Gozitan prelate of the Catholic Church (born 1964)

Anthony Teuma (born 11 January 1964) is a Maltese prelate of the Catholic Church who serves as the Bishop of Gozo.

==Biography==
Anton Teuma was born in Xagħra, Gozo, Malta, on 11 January 1964. After secondary school at the diocesan minor seminary, he completed his studies in philosophy and theology at the major seminary in Gozo. He also worked in Australia and earned licences as a welder and electrician. He obtained his doctorate in educational sciences from the Salesian Pontifical University. He was ordained a priest on 25 June 1988 for the Diocese of Gozo by Nikol Cauchi, Bishop of Gozo.

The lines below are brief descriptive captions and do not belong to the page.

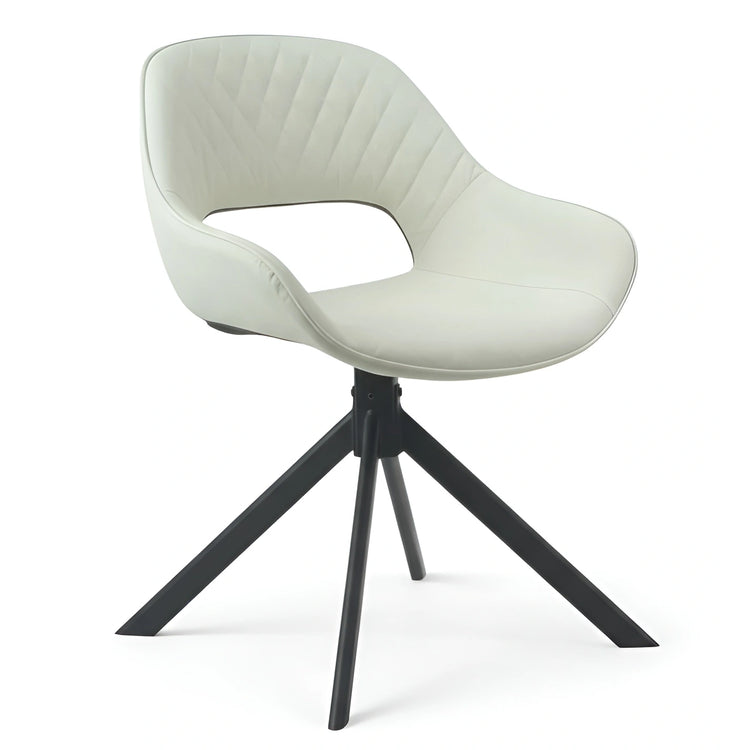 Angled view of a modern cream dining chair with diamond stitching UT-C4202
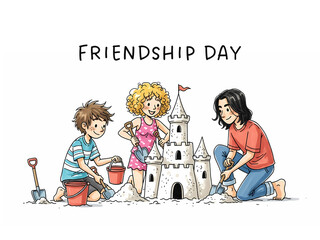 Friendship Day: Three Friends Building a Sandcastle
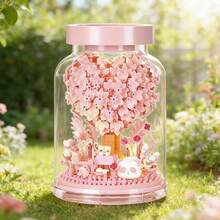 690/560/450/430/410/400pcs Micro Particle Assembly Flower Building Blocks Ornament. Wishing Bottle With 6 Styles Adult Assembly Building Blocks. Mini Flower Assembly Building Blocks In Bottle. Floral Assembly Building Blocks Gift For Teenagers. Rose, Butterfly, Cherry Blossom, Wishing Tree ABS Material Building Blocks Ornament. Desk Decor, Bedroom Decor, Collectible Building Blocks, Birthday Gift, Christmas Gift - Baby Pink - View 9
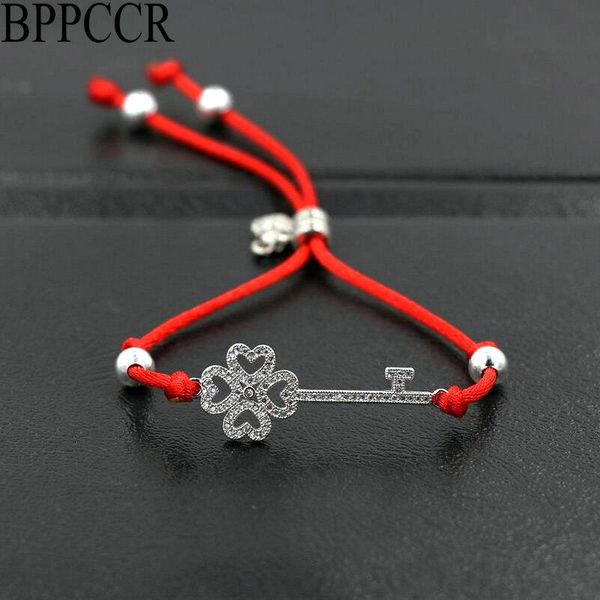 

charm bracelets bppccr micro pave cz crystal shiny love heart key red string for women rope thread lucky mujer pulseras, Golden;silver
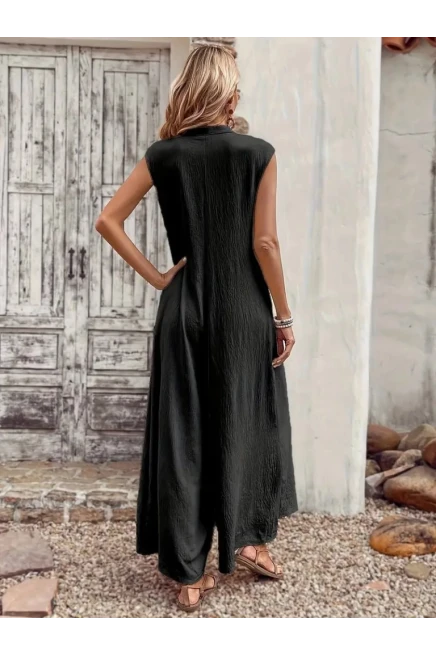 Kısa Kollu Düğmeli Paçaya Doğru Geniş Cepli Uzun Bürümcük Tulum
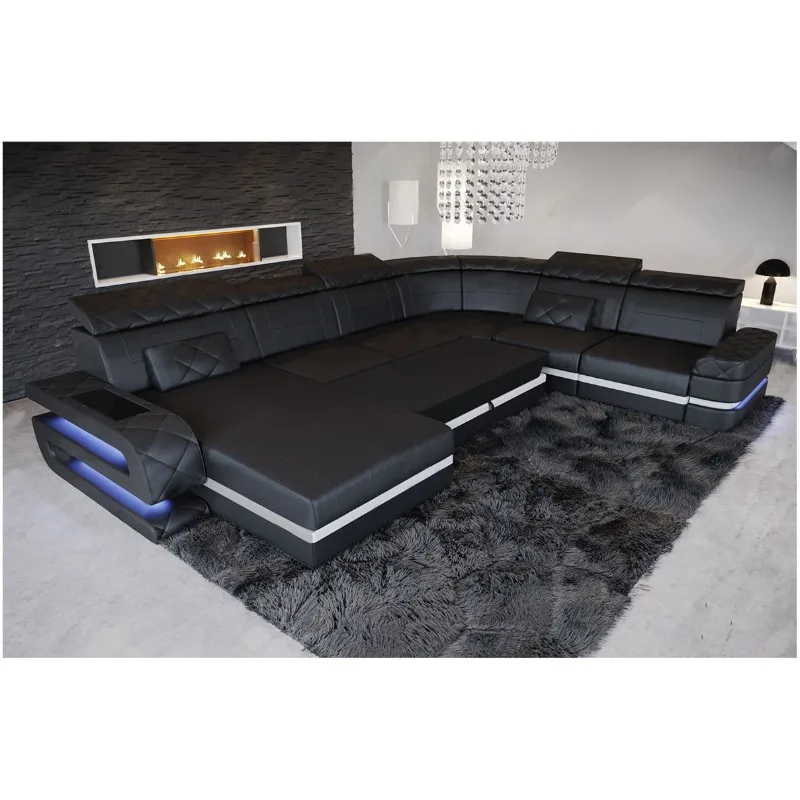 Nordic modern simple top-layer cowhide sofa combination home U-shaped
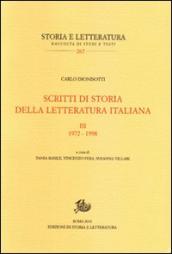 Scritti di storia della letteratura italiana. Vol. 3: 1972-1998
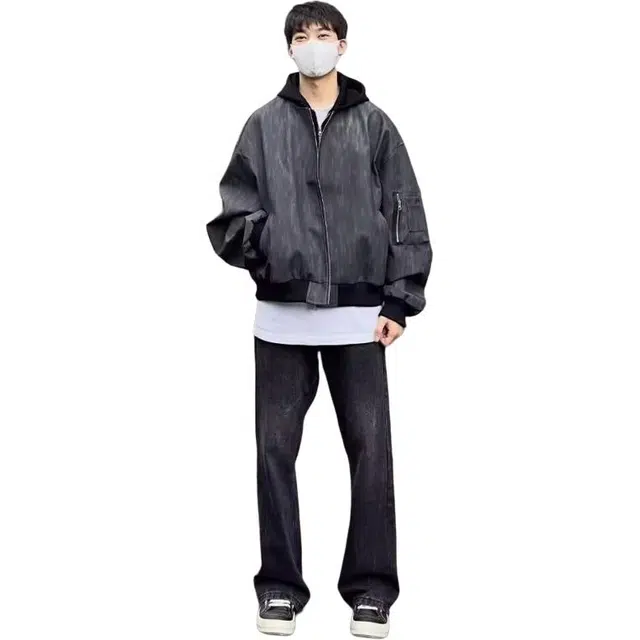 袋鼠 高级感慵懒风老钱风外穿痞帅休闲通勤加棉棉衣复古纹理夹克外套 男女同款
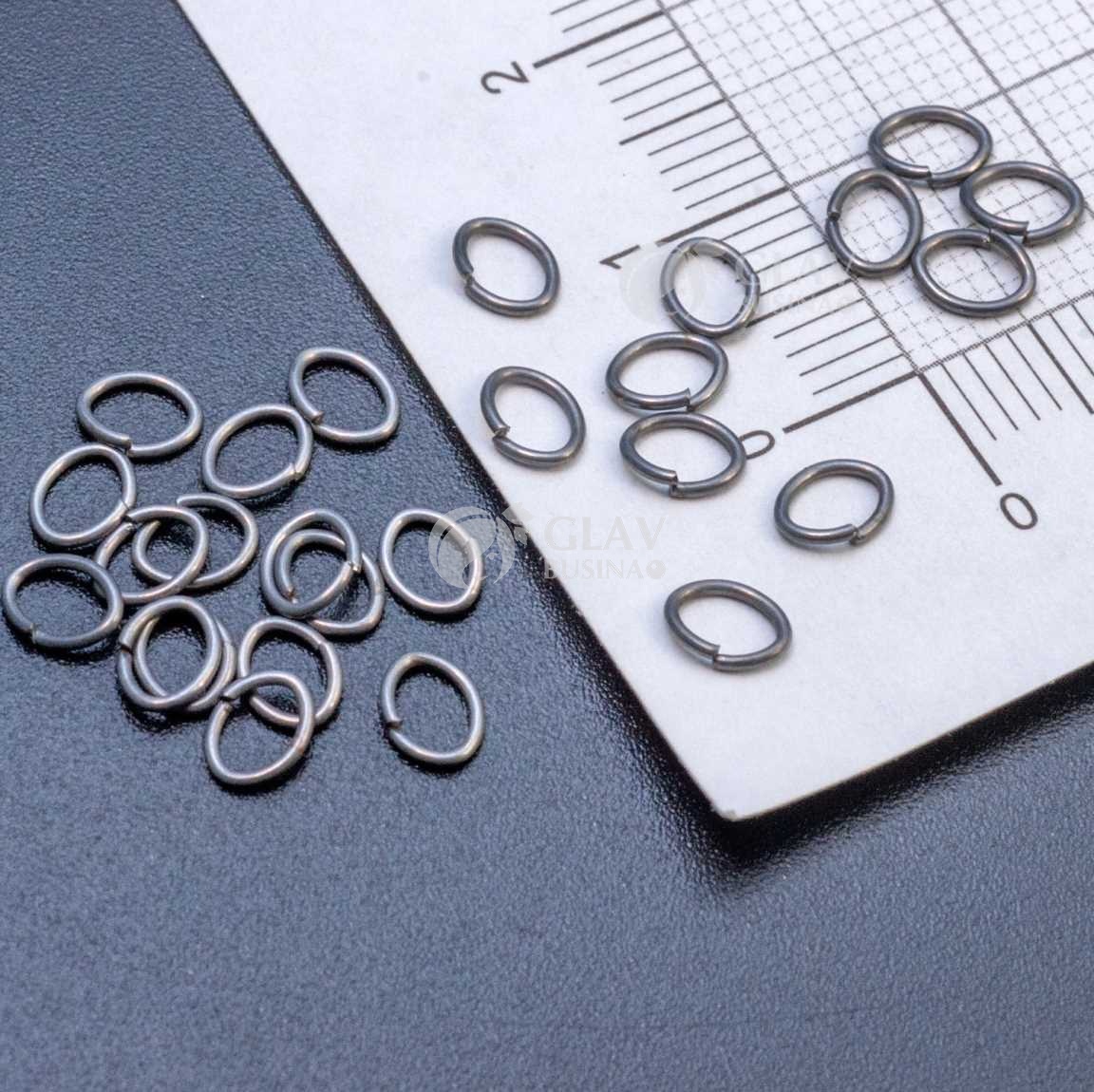 Колечки соединительные, стальньные, цвет темный металл, р-р 5х4х0.6 мм.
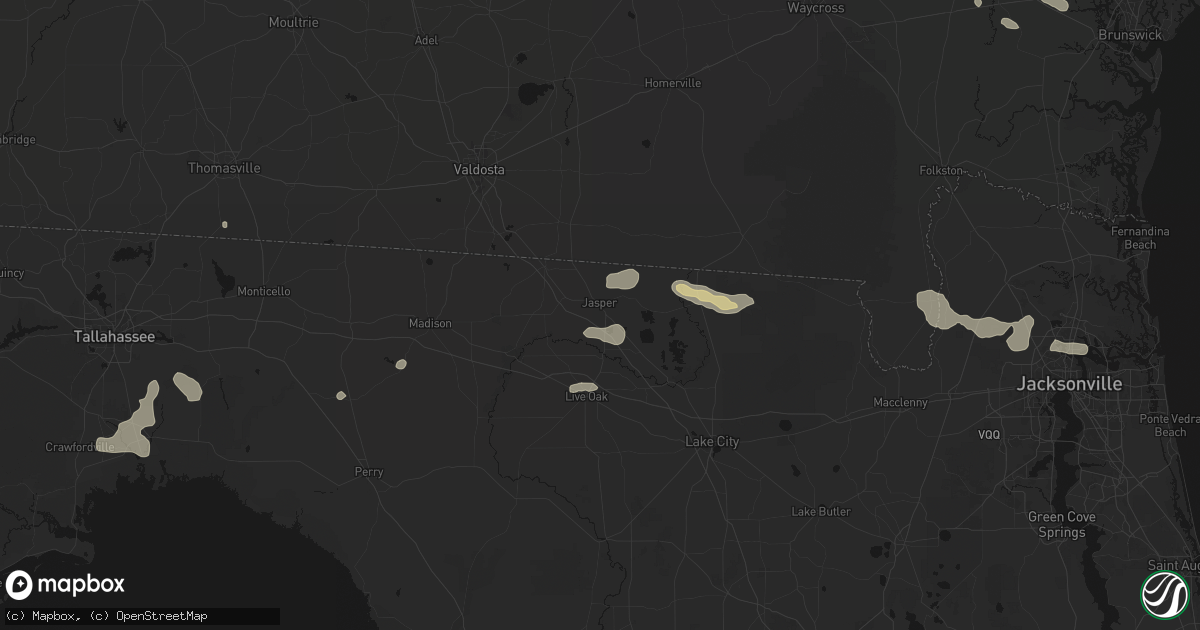 Hail map in Jasper, FL on July 29, 2026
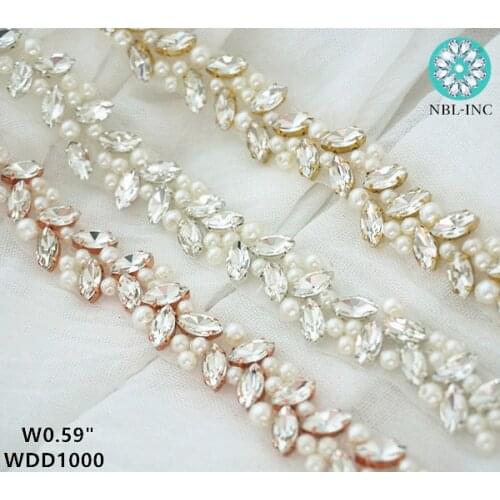 10 YARDS) Wholesale pearl rhinestone applique trim gold bridal beaded crystal trim silver iron on for wedding dress WDD1000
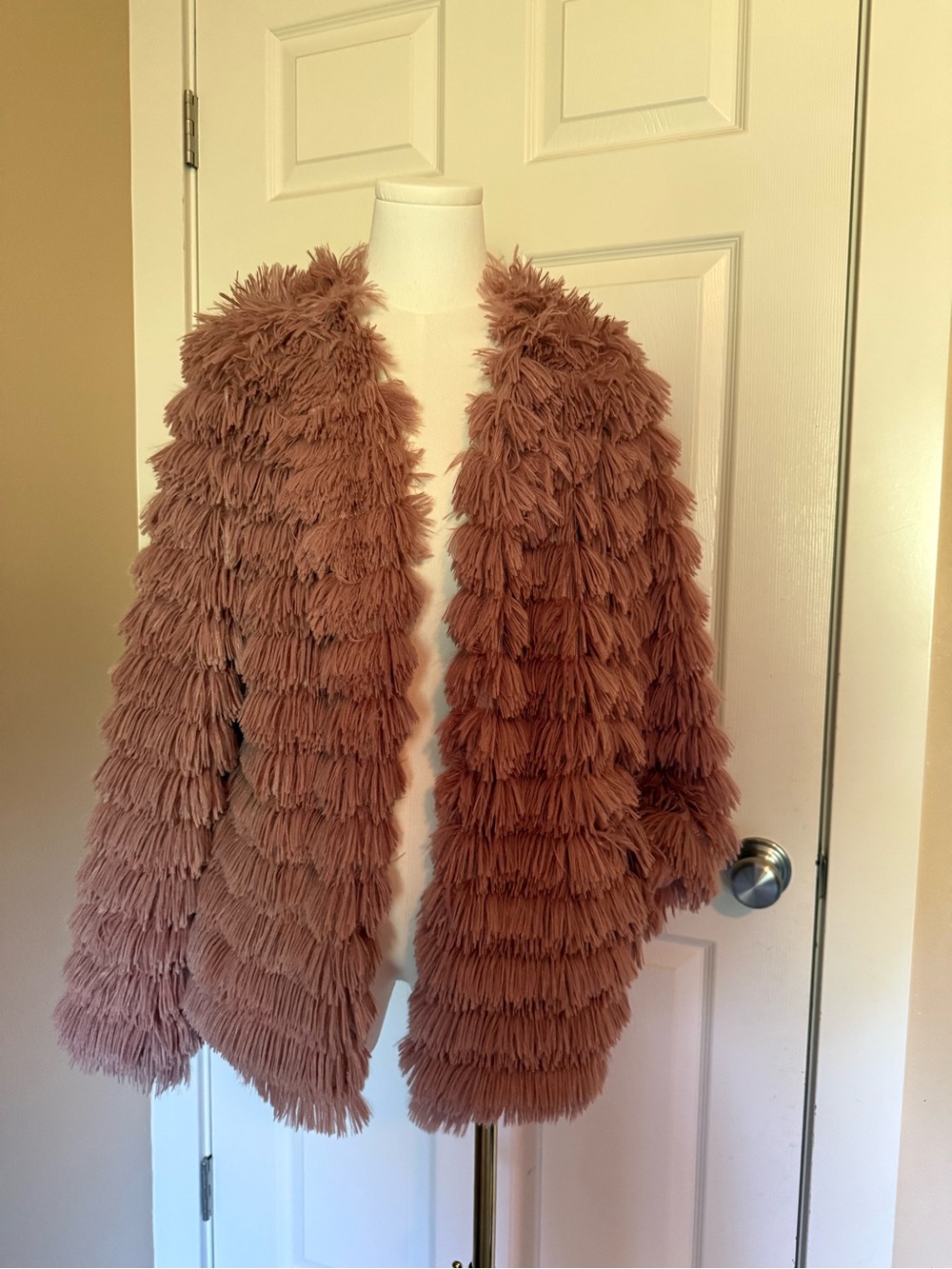 JODIFL Faux-Fur Fringe Jacket - Rose Taupe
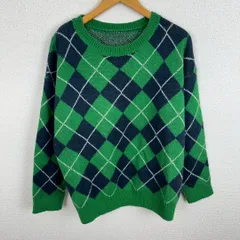 アーガイル ニット セーター 総柄 グリーン メンズ 古着 レトロ アメカジ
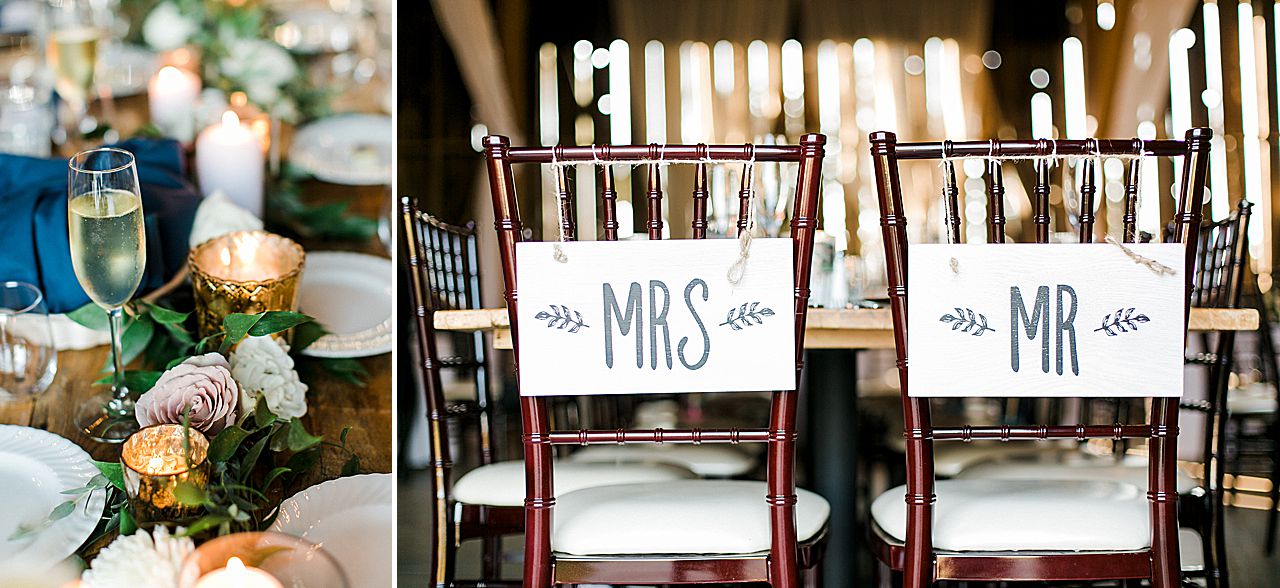 Wedding reception champagne and seats with Mr and Mrs tabled on the back at Shanahan's Barn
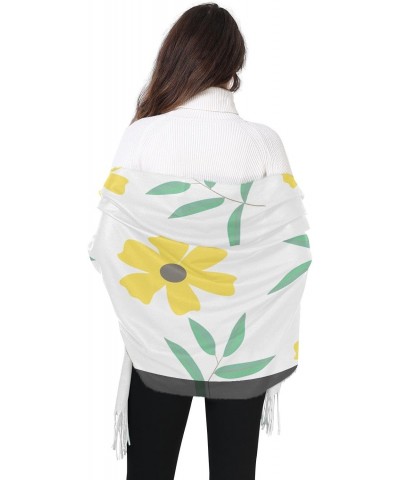 Scarves for Women Yellow Flowers Leaves Scarf Soft Shawl Wrap Winter Scarf with Tassels $10.66 Scarves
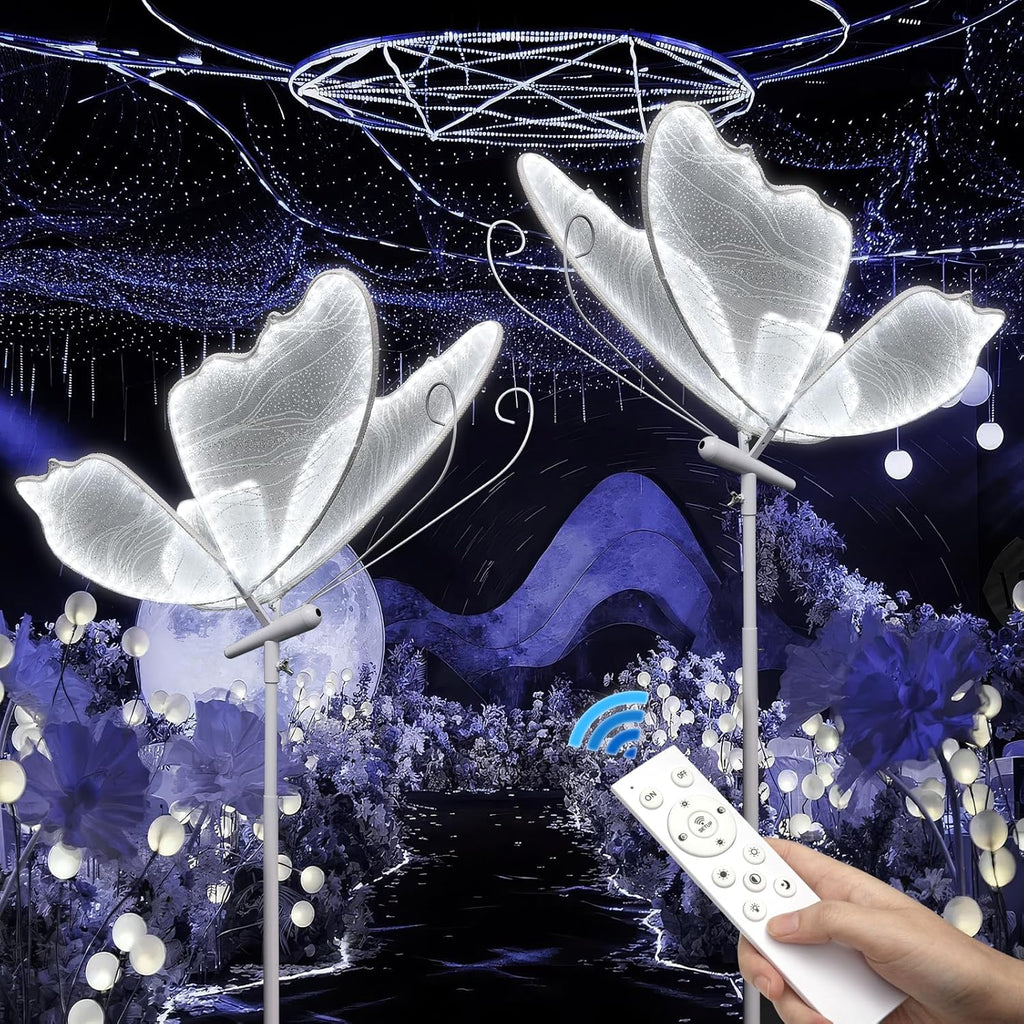Wedding Butterfly Dimmable Floor Lamp: LED Butterflies Light with Remote Control - White & Warm Lights Butterfly Prop for Birthday Party Decoration - Baby Shower Bridal Shower Home Decor (23.6 in,2)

He remained in Rome until 1997 working as parish vicar of Saint Ignatius of Antioch (1988-1995); spiritual director at the Pontifical Roman Seminary (1995-1997); Responsible and Spiritual Assistant of the Eucharistic Communities of the Diocese of Rome (1996-1997).

Returning to Gozo, he was Rector of the Major Seminary of Gozo from 1997 to 2007. After a sabbatical year in the Holy Land where he earned a diploma in biblical studies, he was Head and Spiritual Assistant of the Eucharistic Communities of the Diocese of Gozo from 1998 to 2015.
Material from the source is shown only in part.